About Good Scents

The cut flower business ended in 2011 but I continue to post other items about gardening.

Sunday, March 2, 2008

Asclepias (milkweed, butterfly weed)



Asclepias is the genus of the butterfly weeds or milkweeds. I grow three different species of them for cut flowers, two perennial and one annual. All bear their flowers in clusters. Close up the individual flowers look very similar but they are all useful because they are different colors and bloom at different times.


The first perennial milkweed is Asclepias incarnata or swamp milkweed, which bears rounded clusters of white or pink flowers in mid to late June. The flowers have a sweet, vanilla or candy-like fragrance. It is fairly mild, it won't knock your socks off, but it is still pleasant. I know nothing about butterflies but they do seem particularly attracted to flowers with this type of scent. Asclepias incarnata is native to this part of North America but I have never seen it growing wild.

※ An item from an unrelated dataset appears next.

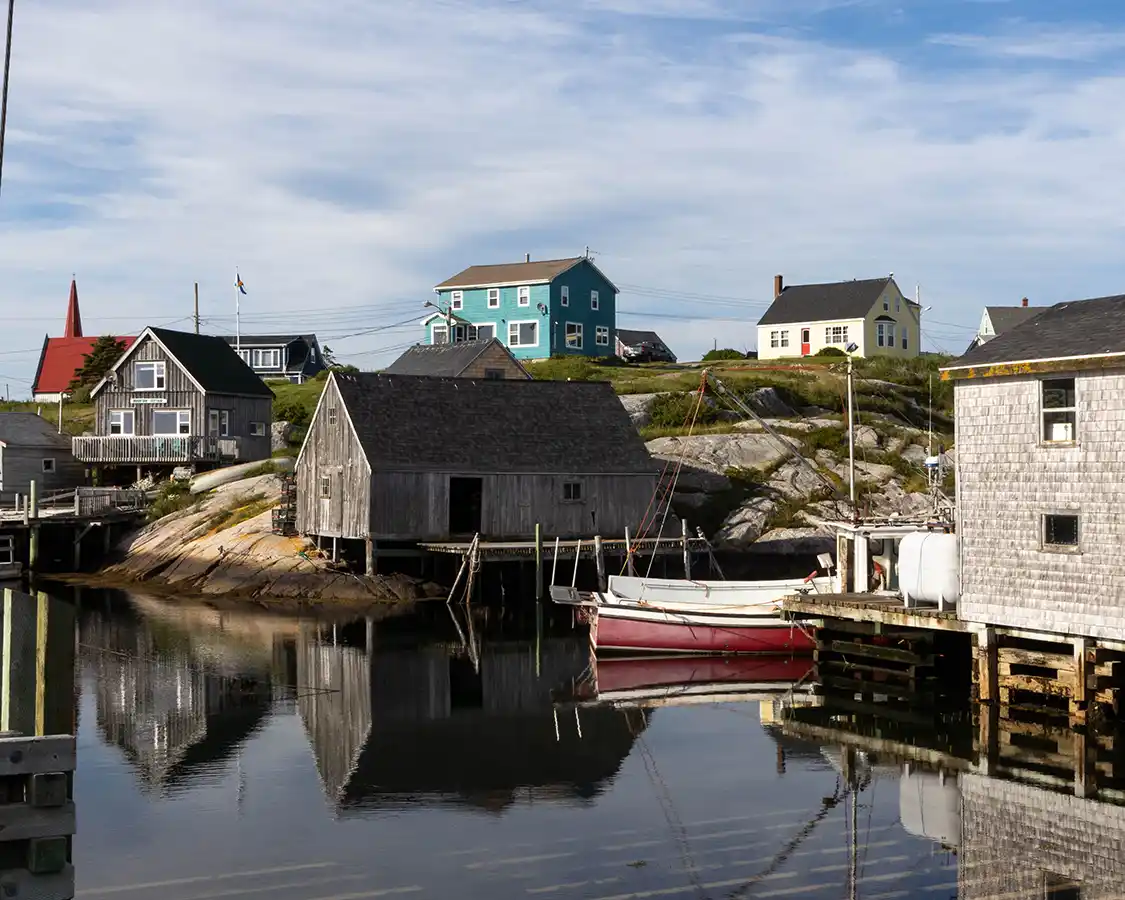 Peggys Cove Fishing Village in Nova Scotia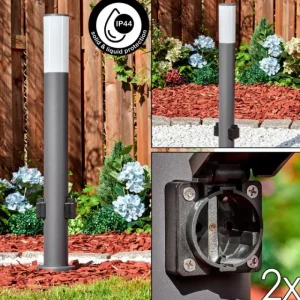 hofstein Caserta Lampe à prise électrique, Eclairage de chemin Anthracite, 1 lumière* Lampes Modernes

The second perennial variety, Asclepias tuberosa, is another wildflower native to this part of the country. It has brilliant orange flowers and you occasionally see it growing along roadsides. The flowers are borne on pointy clusters and appear in July. If you like the combination of orange and purple/blue flowers (one of my favorites), then you could try pairing this asclepias with blue balloon flowers (Platycodon grandiflorus). I have not written about balloon flowers yet but they bloom at the same time as the asclepias, and both are long lived and do not require division.

The annual milkweed I grow is Asclepias curassavica. The flowers are bicolor yellow and red with bronze stems and leaves. The flowers are borne in loose clusters and if cut for the house or deadheaded will re-bloom until they are killed by frost. Of all these milkweeds, this is the one people most often ask me about. These will frequently self-sow a bit in the garden but have never been a pest.